Les tribunaux français ont longtemps adopté le chap. xi de la novelle XVIII, quand les legs faits à l’Église n’avaient pour objet que des sommes d’argent ou des effets mobiliers ; mais depuis l’ordonnance de 1735 les legs pieux n’ont plus ce privilége en France.

Pour les immeubles, presque tous les rois de France, depuis Philippe le Hardi, ont défendu aux églises d’en acquérir sans leur permission ; mais la plus efficace de toutes les lois, c’est l’édit de 1749, rédigé par le chancelier d’Aguesseau. Depuis cet édit, l’Église ne peut recevoir aucun immeuble, soit par donation, par testament, ou par échange, sans lettres patentes du roi enregistrées au parlement.

SECTION II[1].


Les biens de l’Église, pendant les cinq premiers siècles de notre ère, furent régis par des diacres qui en faisaient la distribution aux clercs et aux pauvres. Cette communauté n’eut plus lieu dès la fin du Ve siècle ; on partagea les biens de l’Église en quatre parts : on en donna une aux évêques, une autre aux clercs, une autre à la fabrique, et la quatrième fut assignée aux pauvres.
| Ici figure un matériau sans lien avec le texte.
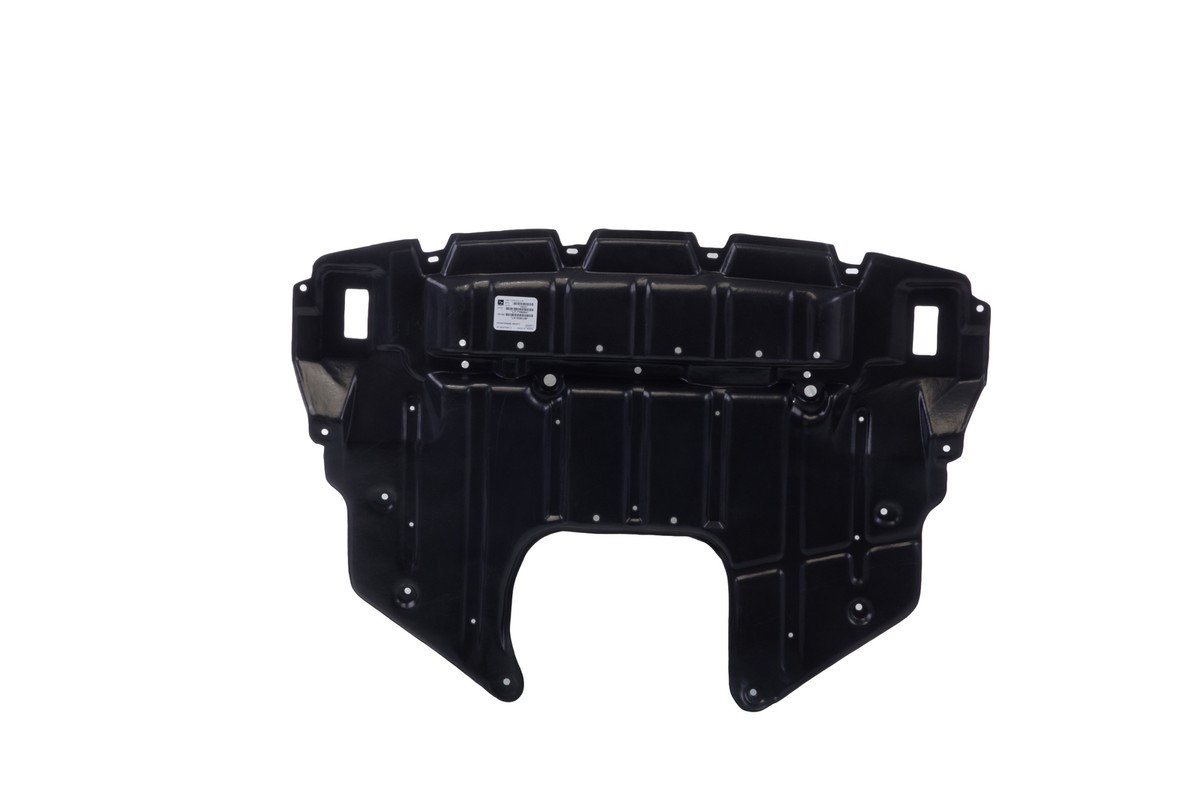 BODY GUARD UL-2 バニアカバー Amazon.com: Brock Replacement Front Engine Lower Splash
Bientôt après ce partage, les évêques se chargèrent seuls des quatre portions ; et c’est pourquoi le clergé inférieur est en général très-pauvre.
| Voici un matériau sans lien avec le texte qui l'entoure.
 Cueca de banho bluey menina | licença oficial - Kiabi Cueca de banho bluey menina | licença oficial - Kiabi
Le parlement de Toulouse rendit un arrêt le 18 avril 1651, qui ordonnait que dans trois jours les évêques du ressort pourvoiraient à la nourriture des pauvres, passé lequel temps saisie serait faite du sixième de tous les fruits que les évêques prennent dans les paroisses dudit ressort, etc.
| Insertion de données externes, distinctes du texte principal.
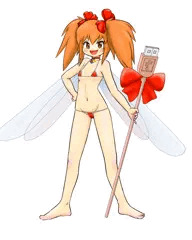 マイクロビキニCE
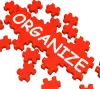 LETS STAND IN UNITY !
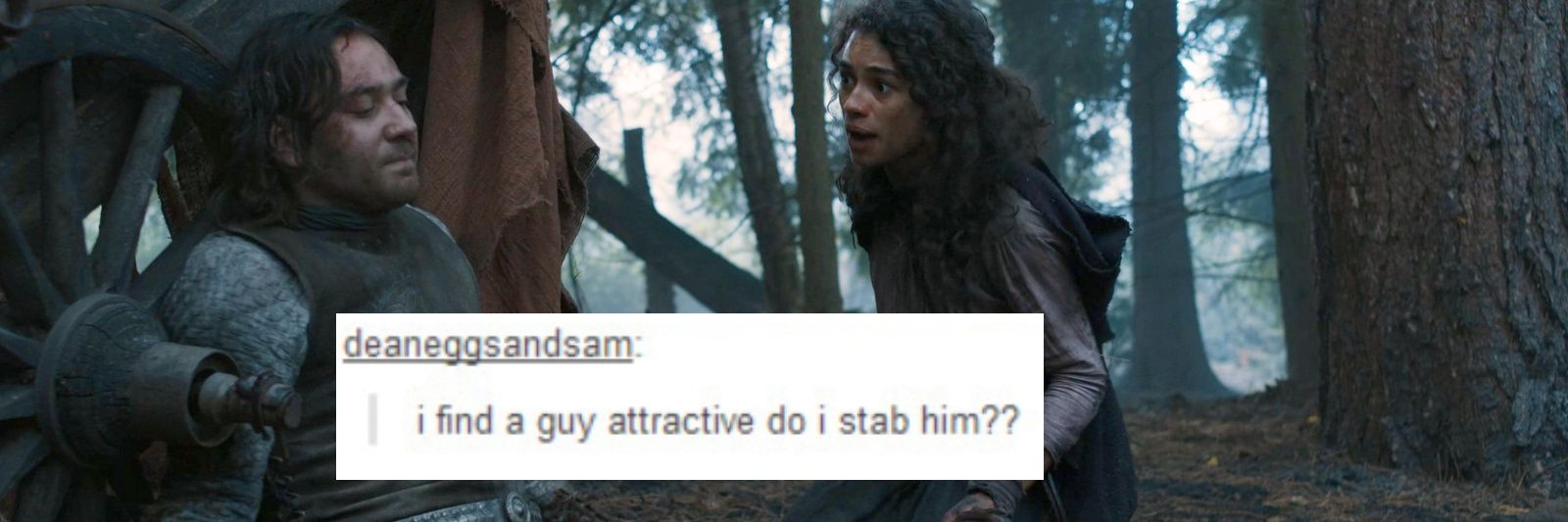 estrid's pr manager 🔪💞 banner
En France, l’Église n’aliène pas valablement ses biens sans de grandes formalités, et si elle ne trouve pas de l’avantage dans l’aliénation. On juge que l’on peut prescrire sans titre, par une possession de quarante ans, les biens d’Église ; mais s’il paraît un titre, et qu’il soit défectueux, c’est-à-dire que toutes les formalités

  1. Voyez la note 2 de la page 586.